Supporting Neurodiversity through Adaptive Programming provides online activities

For the first summer in 17 years, 22-year-old Carter Smith won’t be able to participate in Brock University’s Supporting Neurodiversity through Adaptive Programming (SNAP) and the Autism Spectrum Disorder (ASD) Summer Movement Camp due to COVID-19 — but SNAP is still striving to make a difference.

With in-person spring and summer programming cancelled in order to maintain physical distancing measures, SNAP is alleviating stress and keeping participants active and in routine with online home workouts.

“Similar to Carter, most of our participants have been attending our Brock-led inclusive and adaptive programs since 1996,” says SNAP Founder and Kinesiology Professor Maureen Connolly. “For those who joined SNAP in its fledgling years and grew along with us, this will be the first time they are not a part of our summer programs.”
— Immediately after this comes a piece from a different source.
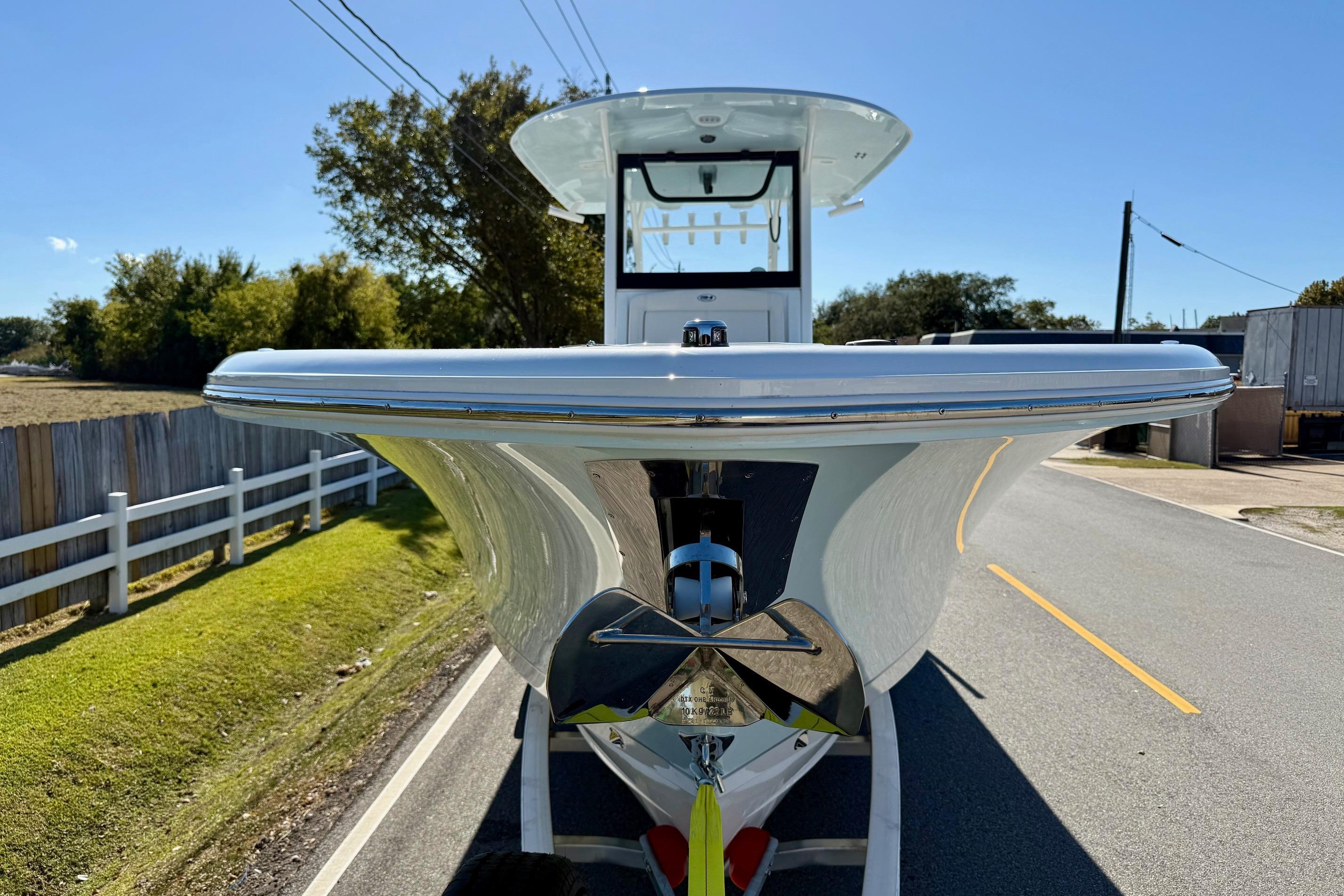2026 Sea Hunt Gamefish 30 Coffin Box boat on trailer, front view, sunny day.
SNAP and the ASD Camp provide developmentally appropriate movement education-based embedded curriculum to children and youth ages five and up experiencing disability in the Niagara region. Beginning June 1, home workouts will be posted online on the first and fifteenth of each month until the end of August.
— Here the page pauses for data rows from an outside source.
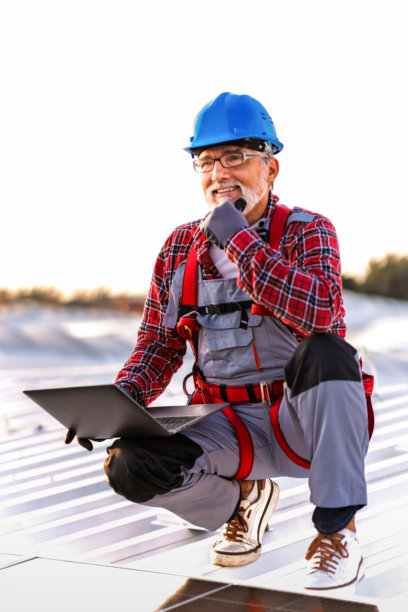技术人员检查安装在建筑屋顶的太阳能发电厂的库存照片图片下载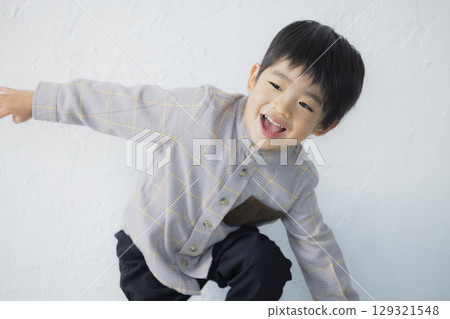 Smiling boy playing Smiling boy playing 129321548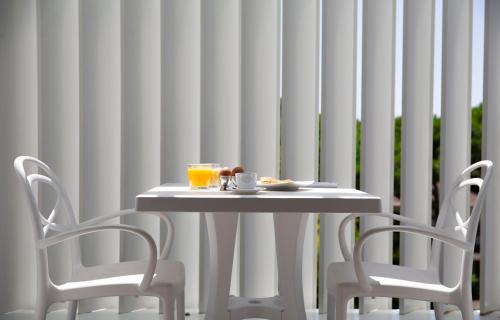 a white table with two chairs and a plate of food at The One Hotel - Designed for Adults - Pet lovers in Riccione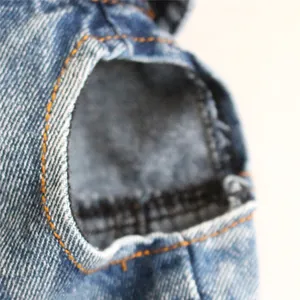 Dettaglio di un gilet in denim per animali con cuciture arancioni a contrasto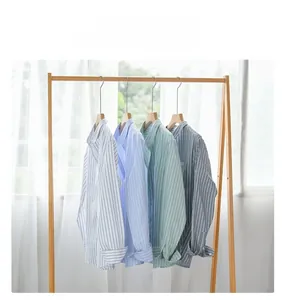 Detailed view of striped cotton shirts in four colors hanging on wooden hangers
“This population of our community rely on structure and predictability,” Connolly explains. “We understand how these individuals process logic and the COVID pandemic is not logical for them. This is highly stressful for them and everyone around them.”

Concerned for the health and well-being of SNAP participants and their support systems, the Brock team reached out to their dedicated student volunteers for assistance in creating video content in five categories which support skill and motor development while mimicking familiar activities. Doctoral student Steffannie Hancharyk (BPhed ’08, BEd ’08, MA ’14) has also provided guided martial arts lessons on the webpage to help participants work on developing fundamental movement sequences.
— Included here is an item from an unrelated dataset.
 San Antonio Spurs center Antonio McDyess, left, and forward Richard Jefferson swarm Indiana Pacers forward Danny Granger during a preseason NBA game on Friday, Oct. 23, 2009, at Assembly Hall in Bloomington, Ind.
“We wanted to develop a resource for a population that is under-resourced and where no resources exist,” says Experiential Education Coordinator, Inclusive and Adaptive Physical Activity Elyse Lappano. “Our regular volunteers have meaningful relationships with our participants and have created thoughtful, educational movement videos that can be used in several different ways.”

Each video can be played so the participant and parent or caregiver can do the activities with them and repeat over and over, or they can be previewed and then embedded into the daily activities of the household.

“Activity is important, but having a schedule and routine is just as important,” Lappano says. “We are providing resources with familiar faces to help keep our participants moving and provide the continuity that has been such a big part of their lives since they were young children.”

The video content is created with consideration for who is in each participant’s household. This may include parents who work, siblings who have school and are now at home and people who no longer have respite.

“One of the first things we needed to ask ourselves was, ‘How do we do this in a way that is not laboursome, but embedded into a daily routine?’ We want our participants to contribute to daily household tasks while developing their movement repertoires,” Lappano says. “We do not want this to be an extra to-do item on an already stressed home.”

To incorporate activities in a seamless way, Connolly suggests examples of the participant being active while helping a parent in the laundry room or transporting items from one room to another.

“This is called embedding,” Connolly says. “We have been designing programming for the people who trust us for years, and the beauty of embedded curriculum is that it can happen everywhere.”

The creation of the home workout videos is entirely volunteer-driven and goes above and beyond what is expected of Brock students.

“All of our volunteers are very excited to have the opportunity to help our participants at home,” says Inclusive & Adaptive Physical Activity Specialist Demi Toms. “We want our participants and their families to have the opportunity to see familiar faces on the screen in front of them, and know we have not abandoned them. We are still trying to stay connected.”

The new SNAP Home Workouts webpage will be updated on the first and fifteenth of each month until the end of August

The SNAP team anticipates gaps in programming for the fall and are currently determining how to prepare resources for all three school boards in the Niagara Region which access the Thursday SNAP program. More information will be announced when it becomes available.